El hombre movió el cuello como si la camisa le apretara demasiado.
– Usted es agente deportivo, ¿verdad? -preguntó.
– Sí.
– ¿Ha venido a captar clientes?
Myron entrecerró los ojos.
– ¿Cómo sabe que no he venido aquí a presenciar el espectáculo cautivador de un puñado de adultos dando un paseo?
El anciano no sonrió, aunque ya se sabe que los golfistas no son famosos precisamente por su sentido del humor. Volvió a estirar el cuello y se aproximó.
– ¿Le dice algo el nombre de Jack Coldren? -le preguntó con un ronco susurro.
– Por supuesto -respondió Myron.
Si el anciano le hubiese hecho la misma pregunta el día anterior, Myron no habría tenido ni idea de quién le hablaba. No era muy aficionado al golf (en realidad, no lo era en absoluto), y Jack Coldren había sido un jugador de tercera fila durante los últimos veinte años, pero se había convertido en el inesperado líder tras la primera jornada del Open, y ahora, cuando sólo quedaban unos pocos hoyos del segundo recorrido, iba en cabeza con una extraordinaria ventaja de nueve golpes.
– Pero ¿por qué me lo pregunta? -quiso saber Myron.
– ¿Y Linda Coldren? -inquirió el hombre-. ¿Sabe quién es?
Aquella pregunta era más fácil. Linda Coldren era la esposa de Jack y la mejor golfista de la última década.

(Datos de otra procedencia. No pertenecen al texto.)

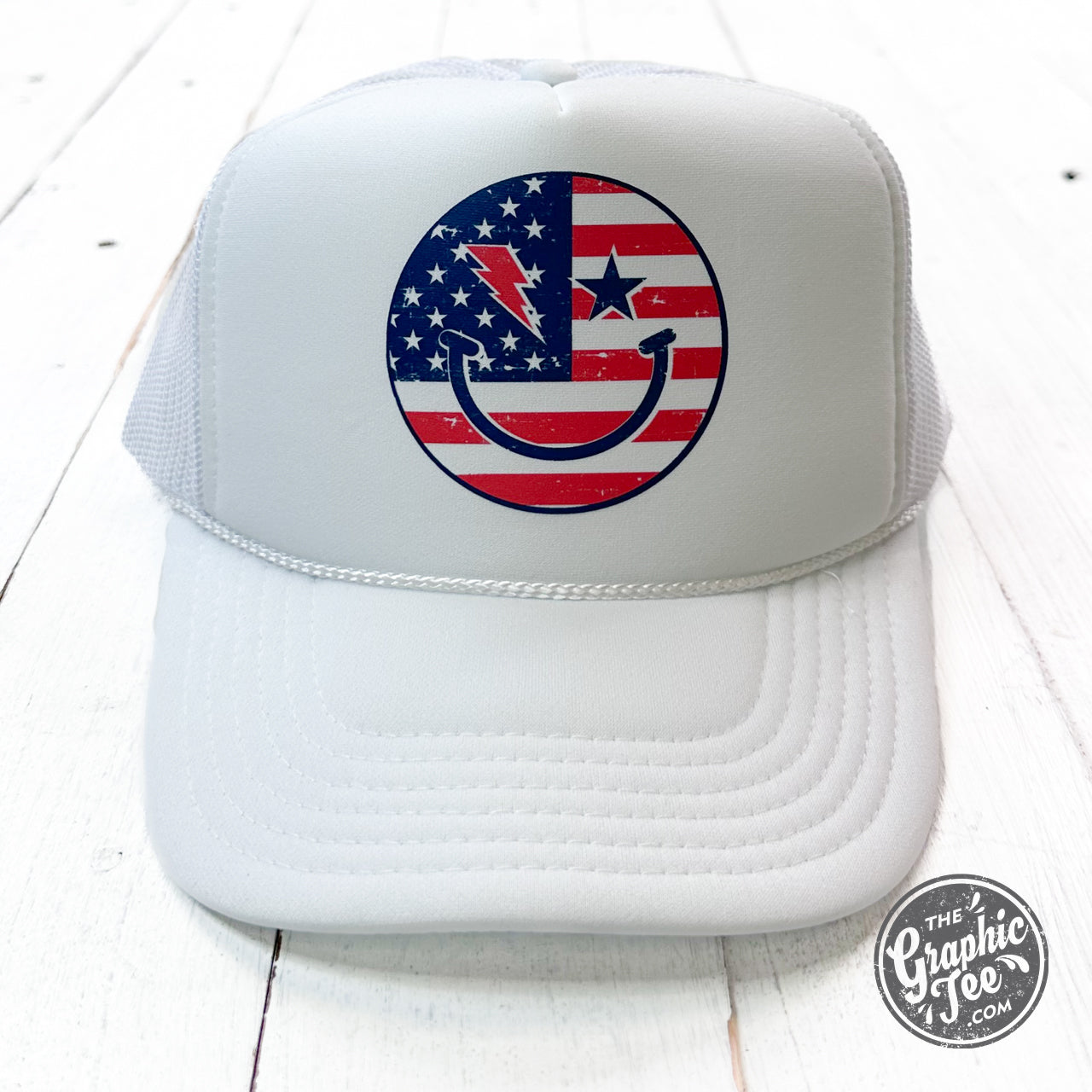 *WHOLESALE* USA Smiley Foam Trucker Cap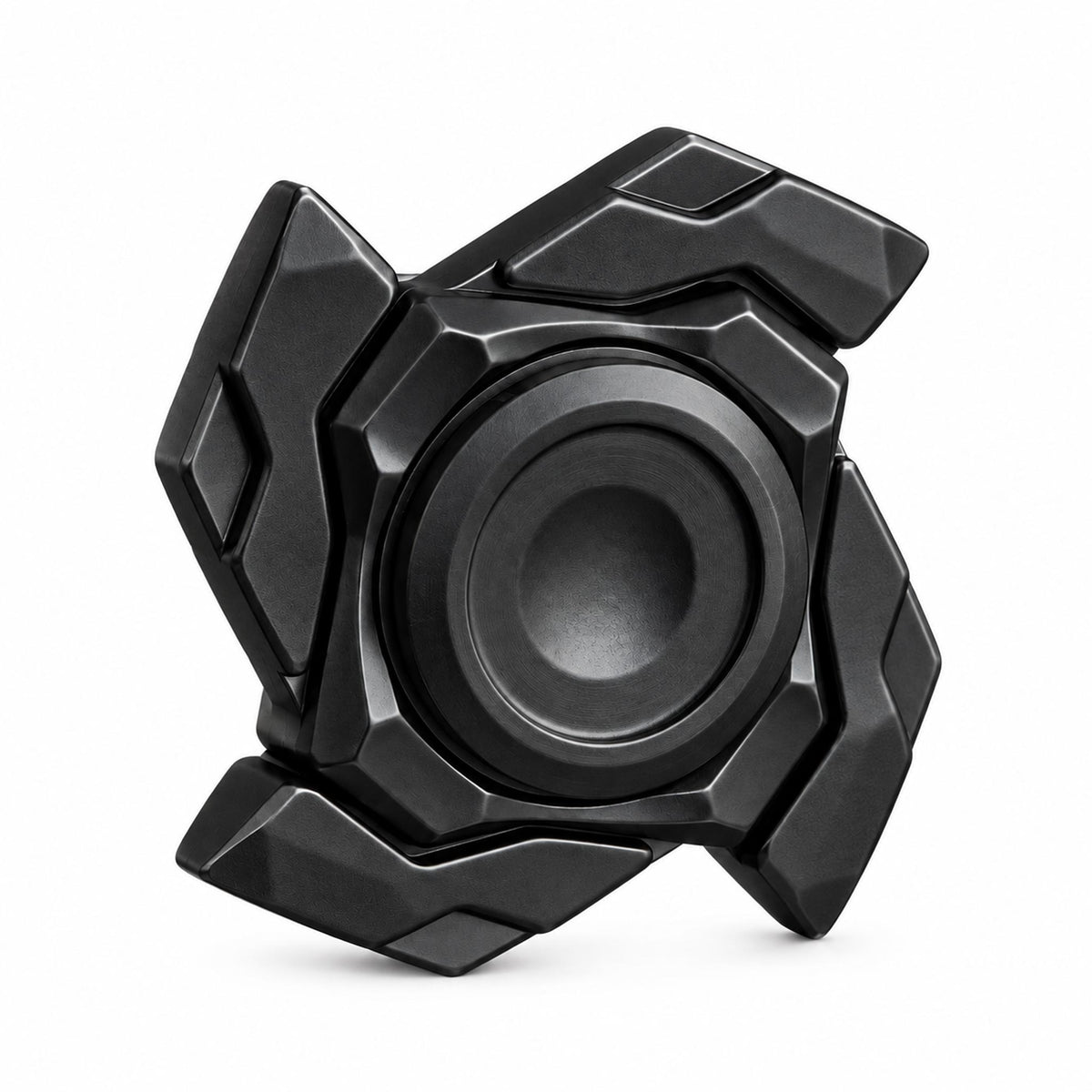 Matte black transforming metal EDC fidget spinner in folded desk layout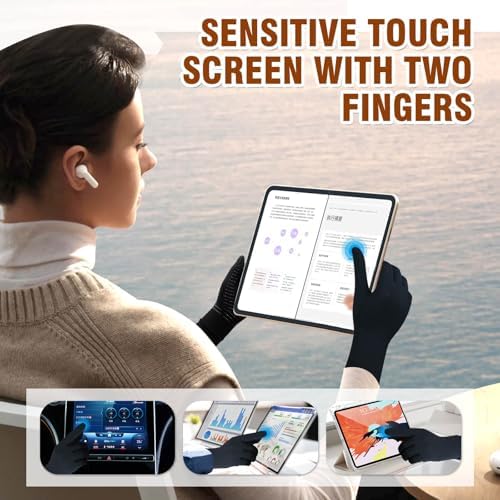 2 Pairs Full Finger Compression Gloves for Women Men, Copper Arthritis Gloves for Rheumatoid,Osteoarthritis,Carpal Tunnel,Tendonitis, Joint Swelling,Hand Pain Relief With Touchscreen Tips (Medium)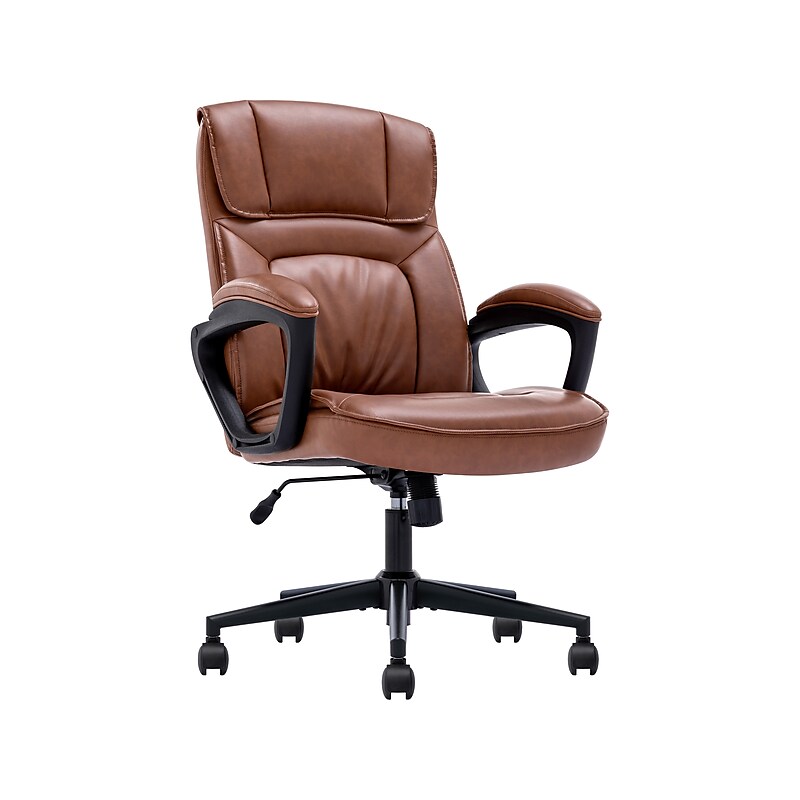 Serta Hannah I Ergonomic Bonded Leather Swivel Executive Chair, Cognac (43670H) image 1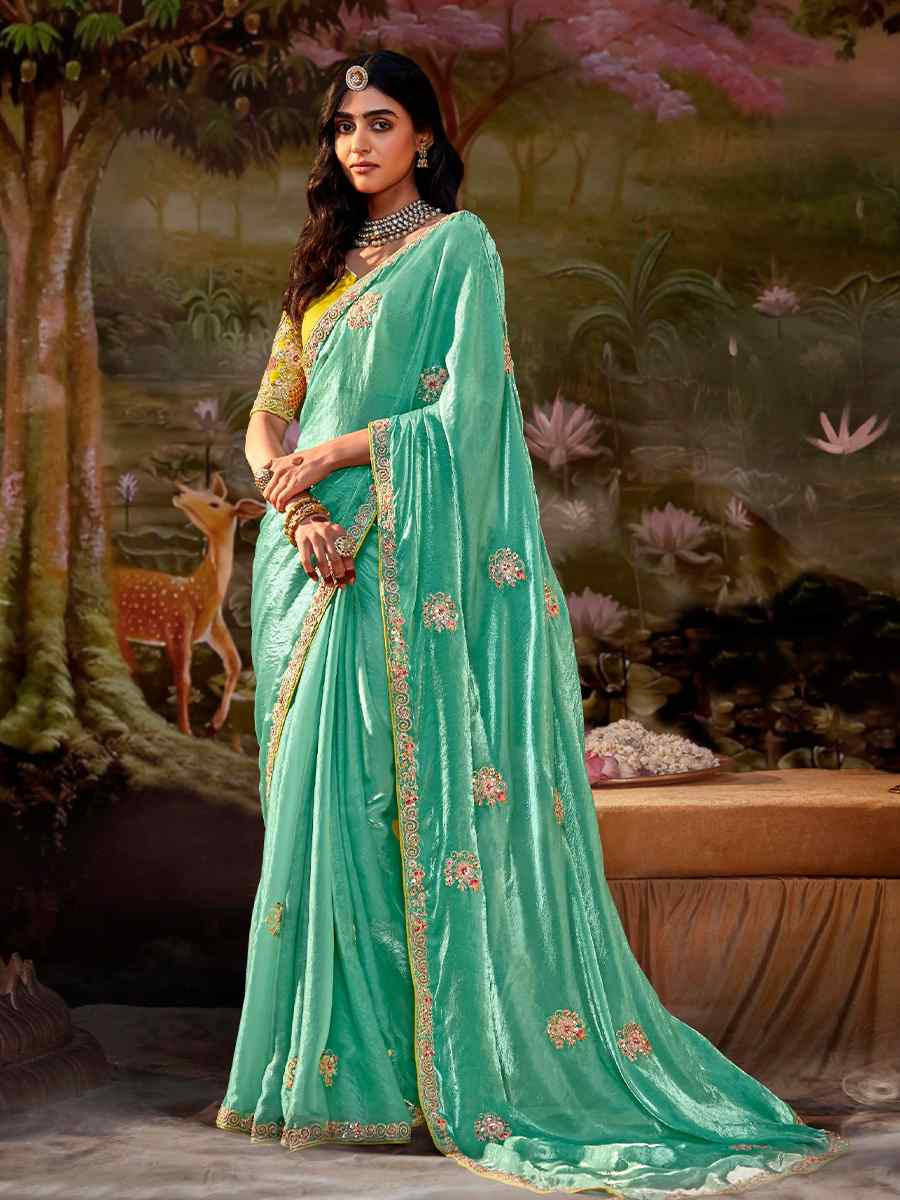 Sky Green Organza Chiffon Embroidered Reception Party Heavy Border Saree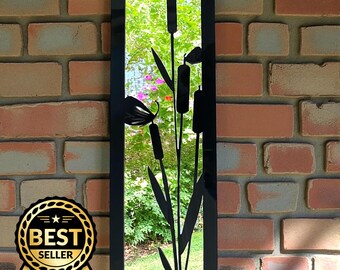 Bulrushes Rectangular Garden Mirror: Custom Framed Acrylic Mirror with Engraving, Colours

– Sí, sé quien es -respondió Myron.
El hombre se inclinó más hacia él y repitió el gesto con el cuello. Resultaba francamente molesto, además de contagioso. Myron tuvo que luchar contra el deseo de imitarlo.
– Están metidos en un buen lío -susurró el anciano-. Si los ayuda, tendrá dos nuevos clientes.
– ¿De qué clase de lío se trata?
El anciano miró alrededor.
– Aquí hay demasiada gente -le dijo-. Venga conmigo.
Myron se encogió de hombros. No existía ninguna razón que le impidiera acompañarlo. El anciano era la única posibilidad de hacer negocio que había descubierto desde que su amigo y socio Windsor Horne Lockwood III (Win, para abreviar) lo había arrastrado hasta allí contra su voluntad. Dado que el Open de Estados Unidos se celebraba en el Merion, club al que pertenecía la familia Lockwood desde hacía aproximadamente un millón de años, a Win se le había ocurrido que era una gran oportunidad para que Myron consiguiera algún cliente selecto. Myron no lo tenía tan claro. A su juicio, el rasgo principal que lo distinguía de las hordas de agentes que pululaban como cigarras por los verdeantes prados del Club de Golf de Merion era su clara aversión al golf, lo cual con toda probabilidad distaba mucho de constituir un punto a su favor a la hora de ofrecer sus servicios profesionales.
Myron Bolitar dirigía MB SportsReps, una firma de representación de deportistas con sede en Park Avenue, Nueva York. El local lo alquilaba a su antiguo compañero de cuarto de la facultad, Win, un influyente banquero e inversionista cuya rancia y acaudalada familia era propietaria de LockHorne Securities, situada en la misma Park Avenue de Nueva York. Myron se ocupaba de las negociaciones mientras Win, uno de los corredores de bolsa más respetados del país, se ocupaba de las inversiones y las finanzas. El tercer miembro del equipo de MB, Esperanza Diaz, se ocupaba de todo lo demás. Tres ramas con controles y balances. Igual que el Gobierno estadounidense. De lo más patriótico.